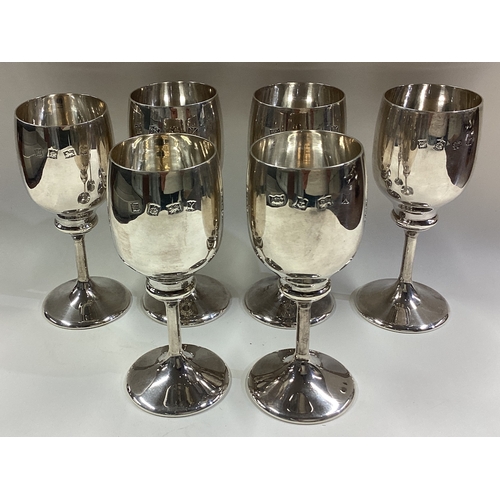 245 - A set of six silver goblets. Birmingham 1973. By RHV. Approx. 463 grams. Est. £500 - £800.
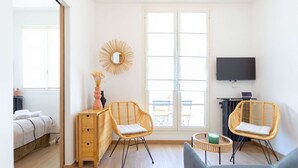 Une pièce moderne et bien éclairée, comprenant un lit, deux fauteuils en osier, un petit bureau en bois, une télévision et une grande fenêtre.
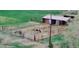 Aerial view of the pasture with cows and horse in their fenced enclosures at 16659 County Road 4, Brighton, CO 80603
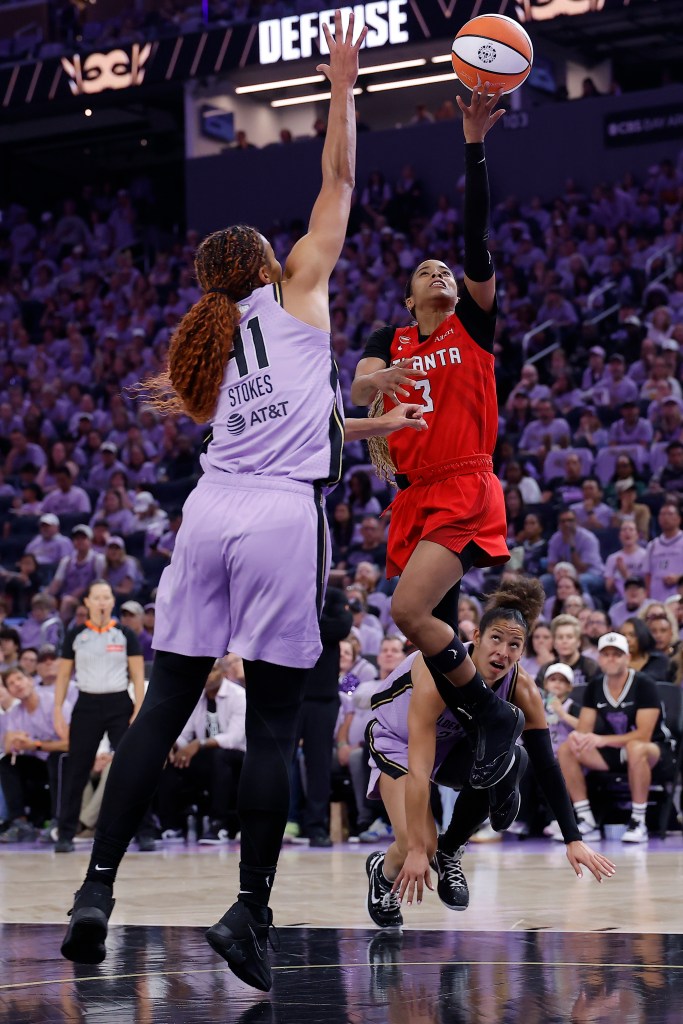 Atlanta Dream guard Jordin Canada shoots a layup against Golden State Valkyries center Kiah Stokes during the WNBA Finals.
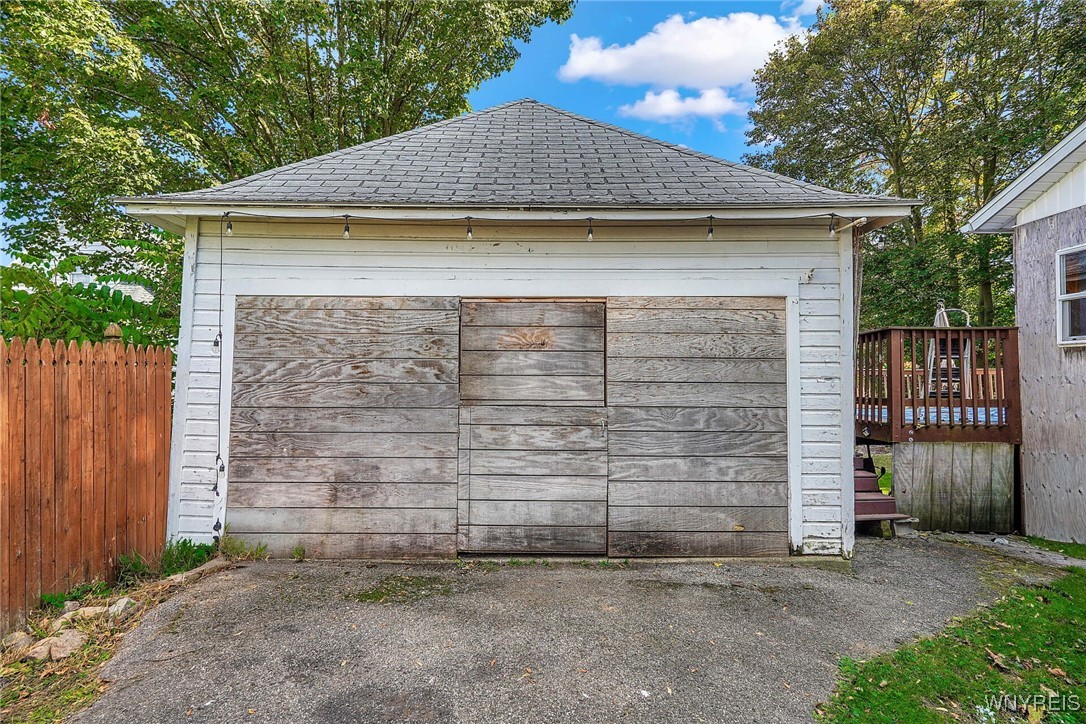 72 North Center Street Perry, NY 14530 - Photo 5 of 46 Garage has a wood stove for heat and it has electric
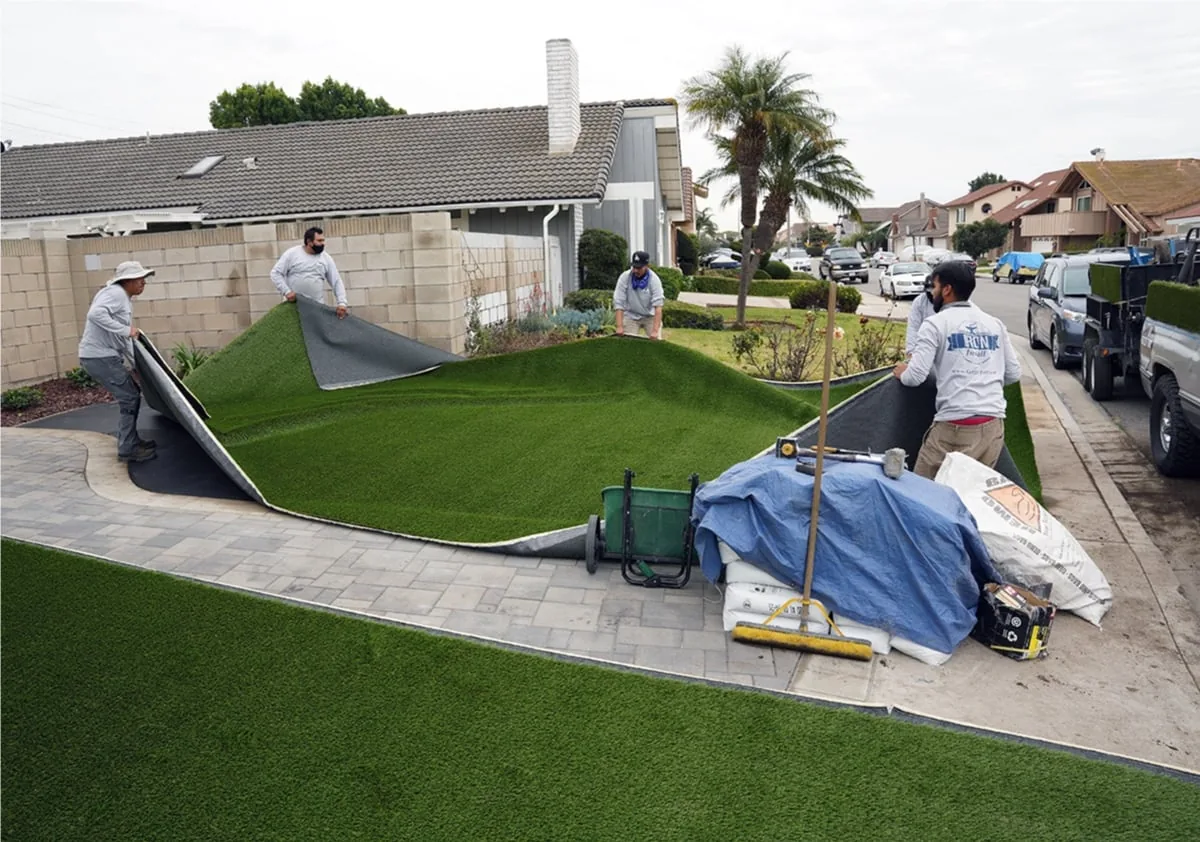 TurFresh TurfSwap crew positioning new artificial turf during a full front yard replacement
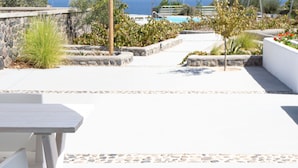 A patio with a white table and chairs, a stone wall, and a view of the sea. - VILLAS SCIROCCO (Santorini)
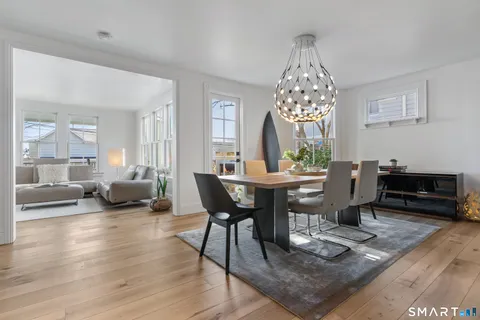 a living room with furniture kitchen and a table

EXERCISE GOAL:
The whole listing should be retyped word for word; none of its pictures belong in the copy.

ANSWER TO THIS TASK:
 245 - A set of six silver goblets. Birmingham 1973. By RHV. Approx. 463 grams. Est. £500 - £800.
 Une pièce moderne et bien éclairée, comprenant un lit, deux fauteuils en osier, un petit bureau en bois, une télévision et une grande fenêtre.
 Aerial view of the pasture with cows and horse in their fenced enclosures at 16659 County Road 4, Brighton, CO 80603
 Atlanta Dream guard Jordin Canada shoots a layup against Golden State Valkyries center Kiah Stokes during the WNBA Finals.
 72 North Center Street Perry, NY 14530 - Photo 5 of 46 Garage has a wood stove for heat and it has electric
 TurFresh TurfSwap crew positioning new artificial turf during a full front yard replacement
 A patio with a white table and chairs, a stone wall, and a view of the sea. - VILLAS SCIROCCO (Santorini)
 a living room with furniture kitchen and a table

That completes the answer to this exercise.